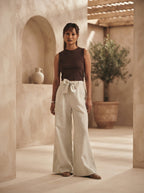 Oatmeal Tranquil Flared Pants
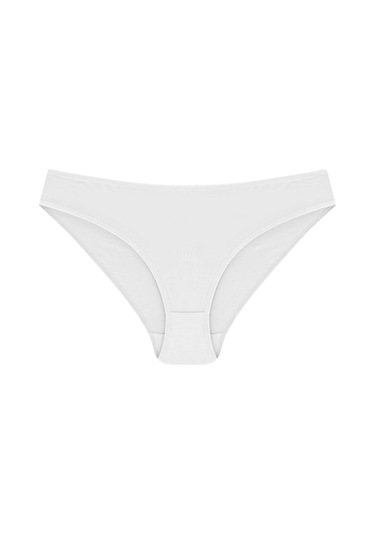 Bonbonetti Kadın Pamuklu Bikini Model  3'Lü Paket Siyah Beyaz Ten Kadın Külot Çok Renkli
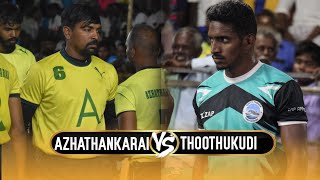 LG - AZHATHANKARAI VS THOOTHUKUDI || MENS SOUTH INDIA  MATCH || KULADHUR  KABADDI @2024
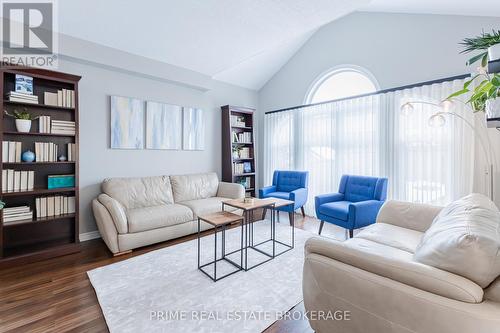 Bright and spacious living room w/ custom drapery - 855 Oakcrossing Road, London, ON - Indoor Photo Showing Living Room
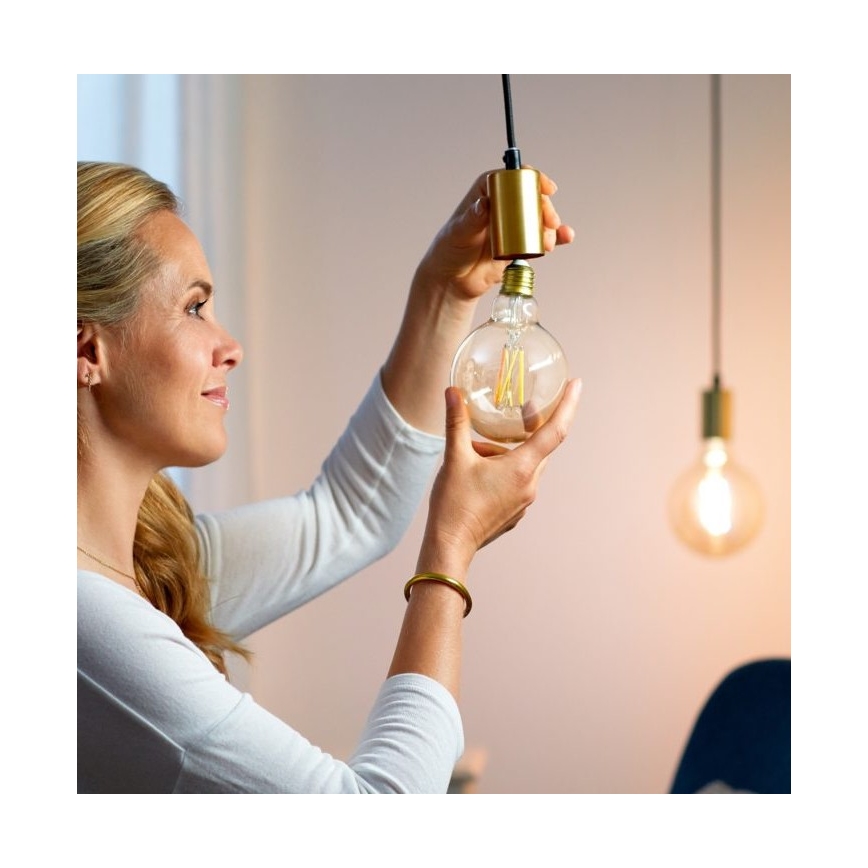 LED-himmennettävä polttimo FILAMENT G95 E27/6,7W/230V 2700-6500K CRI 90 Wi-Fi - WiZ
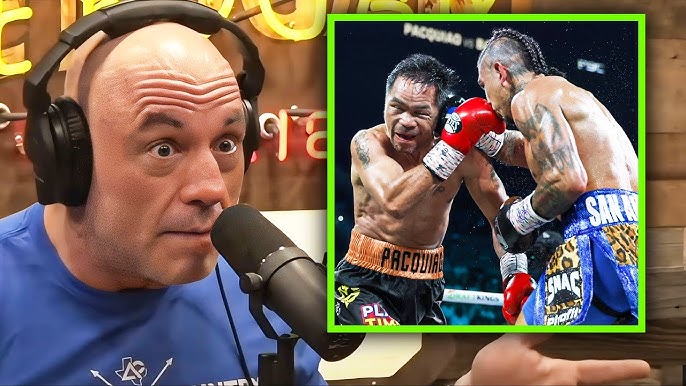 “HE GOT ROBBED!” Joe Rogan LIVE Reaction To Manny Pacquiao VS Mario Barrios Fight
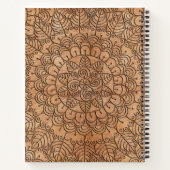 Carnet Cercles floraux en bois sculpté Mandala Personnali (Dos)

TASK REQUIREMENTS:
Copy the entries exactly. No pictures.

RESULT OF THE EXERCISE:
 Oatmeal Tranquil Flared Pants
 Bonbonetti Kadın Pamuklu Bikini Model  3'Lü Paket Siyah Beyaz Ten Kadın Külot Çok Renkli
 LG - AZHATHANKARAI VS THOOTHUKUDI || MENS SOUTH INDIA  MATCH || KULADHUR  KABADDI @2024
 Bright and spacious living room w/ custom drapery - 855 Oakcrossing Road, London, ON - Indoor Photo Showing Living Room
 LED-himmennettävä polttimo FILAMENT G95 E27/6,7W/230V 2700-6500K CRI 90 Wi-Fi - WiZ
 “HE GOT ROBBED!” Joe Rogan LIVE Reaction To Manny Pacquiao VS Mario Barrios Fight
 Carnet Cercles floraux en bois sculpté Mandala Personnali (Dos)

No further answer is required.